アメリカ黒人への不当な暴力に抗議する#BlackLivesMatterが拡がりを見せ、アメリカSFファンタジー作家協会 (SFWA) も黒人作家への支援を表明した。『不思議の国の少女たち』でネビュラ賞・ヒューゴー賞・ローカス賞の中長編小説部門で三冠を達成した作家、ショーニン・マグワイアが、黒人作家やトランスジェンダーの作家を支援することの重要性を発信するなど、SF界にも連帯の輪が広がった。マーベル、ディズニー、ワーナーなど、映画スタジオも連帯を表明、マーベルコミックスは黒人作家のコミック100作品以上を期間限定で無料公開した。

21. SFFH有志が日本学術会議への強制介入に抗議

11月に行われた米大統領選でジョー・バイデン候補が現職のドナルド・トランプ大統領を破って当選を果たすと、米SF界はお祝いムードに。一方の日本でも、安倍政権を引き継いで誕生した菅政権による日本学術会議への強制介入に抗議するSF・ファンタジー・ホラー関係者有志の声明が発表された。署名サイトでは、声明に賛同した関係者によるコメントも掲載されている。

22. 中国・北京に“SFシティ”構想

11月に開催された中国科幻大会にて、北京市が同市の西部に“SFシティ”を建設する計画を発表した。2021年末までにSFをテーマにした遊園地の建設完了も目指すという。日本では衝撃をもって迎えられたこのニュースだが、同大会では、2019年の中国におけるSF市場が1兆円規模に達していることが報告されている。

23. 日本SF大会が延期

毎年夏に開催されている日本SF大会が、新型コロナウイルス感染症拡大の影響で延期に。
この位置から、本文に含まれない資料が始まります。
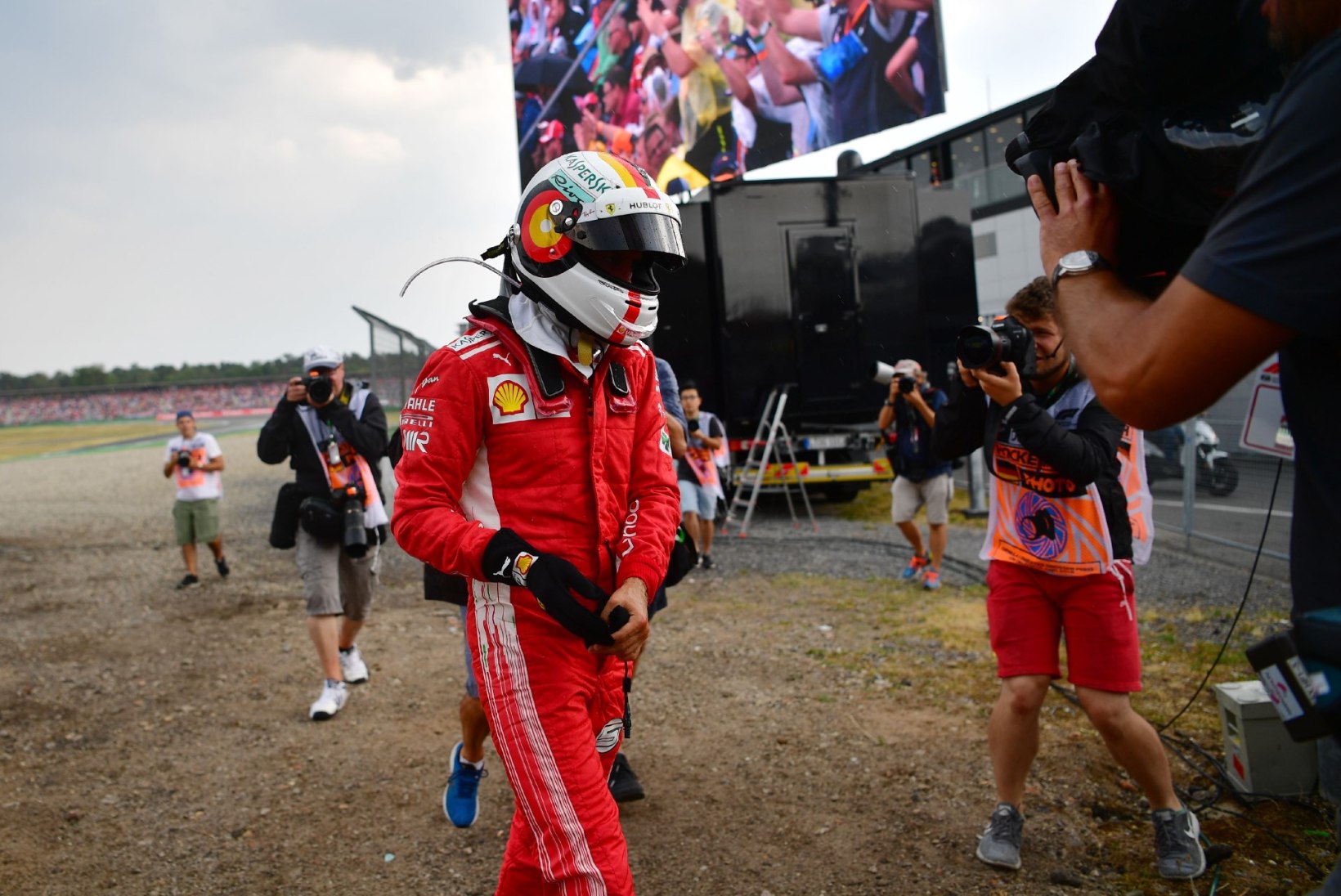 VIDEO | Kodurajal esikohalt seina sõitnud Vettelile maksis kätte liigne enesekindlus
福島で開催される予定だった “F-CON” は、2021年3月13日〜14日に開催されることになった。毎年日本SF大会で発表されている星雲賞は動画配信で発表されたが、授賞式は同大会にて行われる。なお、毎年秋に開催されている京都SFフェスティバルは、DiscordとZoomを活用し、完全オンラインで実施された。

24. 世界SF大会がバーチャル開催

ニュージーランドのウェリントンで開催される予定だった2020年の世界SF大会 (ワールドコン) 、CoNZealandはオンライン開催に。日本からは、小谷真理、勝山海百合、藤井太洋、橋本輝幸、八島游舷など、日本から多くのSF関係者らが企画に出演した。計600以上の企画がDiscordとZoomを活用して開催され、ヒューゴー賞の発表もオンライン配信で行われた。2020年は、ワールドコン以外にも複数のSFイベントがオンラインで実施され、藤井太洋や橋本輝幸らが積極的に登壇し、発信を行った。日本から海外のローカルなSFイベントに出席するファンも現れ、SFイベントの新たな可能性を示す一年にもなった。

25. 「世界SF作家会議」が放送

7月、フジテレビで「世界SF作家会議」が放送された。いとうせいこうが司会を、大森望が顧問を務め、新井素子、冲方丁、藤井太洋、小川哲の4人の作家が「アフターコロナの世界」をテーマに議論を繰り広げた。さらに、『三体』の劉慈欣が寄せたビデオメッセージも公開された。なお、放送日の7月26日は小松左京の命日であり、番組の最後には1970年に開催された国際SFシンポジウムに倣い、小松左京による趣意書を引用した共同宣言が読み上げられた。困難な時代にあって、「未来の文学」としてSFが持つ可能性が改めて提示されることになった。

おすすめインタビュー

最後にバゴプラが2020年に掲載したおすすめのインタビュー記事をご紹介する。2020年、バゴプラでは、SF同人誌を発行するSFGとの共同取材をスタート。『時のきざはし 現代中華SF傑作選』を編んだ立原透耶へのインタビューと、『ゲームの王国』で日本SF大賞を受賞し、『嘘と正典』で直木賞候補に選ばれた小川哲へのインタビューを掲載した。小川哲へのインタビューは、ライターの梅澤レナによるもの。どちらのインタビューも、翻訳や執筆についての具体的なエピソードを知ることができる。

 

2021年も、バゴプラでは最新の情報と独自の記事、そしてKaguya Planetから新たなSF短編をお届けしていく。

2021年も宜しくお願い申し上げます。